By Geoff Dyer, China bureau chief
Who will be in the White House in 2022? The UK prime minister? Or if the job still exists then, president of the European Union?
The answer is, of course, not a clue. But leadership changes in China are signaled a little further in advance. Indeed, Beijing has just fired the opening shot in the succession battle for 2022 with the promotion of two forty-somethings to be provincial party bosses.
Hu Chunhua, the 46 year-old governor of Hebei province, has been promoted to the top job in Inner Mongolia (provincial governors rank below party secretaries), while Sun Zhengcai, also 46 and a former agriculture minister, will take over in Jilin province in northern China.
The moves make them front-runners to be the ‘sixth-generation’ leaders when – according to precedent – power at the top of the Communist party hierarchy changes hands in 2022 (President Hu Jintao is the ‘fourth generation’ leader).
There is obviously plenty of politics to be played before then. Indeed, the next succession is still not completely sewn up. Vice president Xi Jinping is widely expected to take over from Hu Jintao in 2012, with Li Keqiang replacing Wen Jiabao as premier, however Xi has yet to win the promotion to the commission which runs the military, which would be the final act in his anointment.

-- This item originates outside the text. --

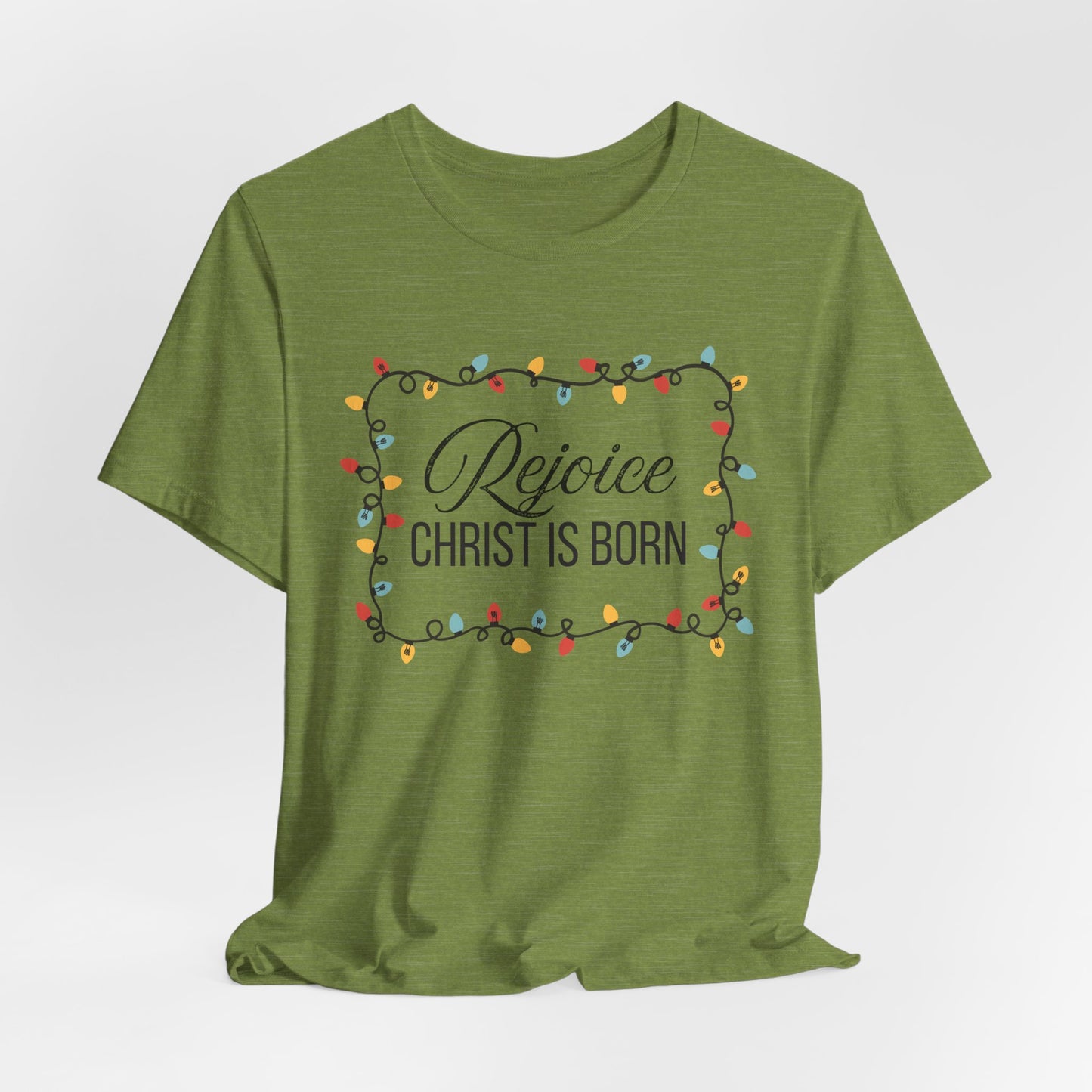 Rejoice Christ is Born Christian Christmas Tshirt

But for the generation after him, the one who is getting the attention at the moment is the bespectacled Hu Chunhua. As well as sharing the same surname as the current president, he has spent time in Tibet and worked at the Communist Youth League, the party body that has been President Hu’s powerbase -indeed, he is sometimes referred to as ‘Little Hu’. Hu Jintao failed to have another Youth League alumnus named as his successor when Li Keqiang was overlooked. Is he now trying to put another protégé in place for 2022?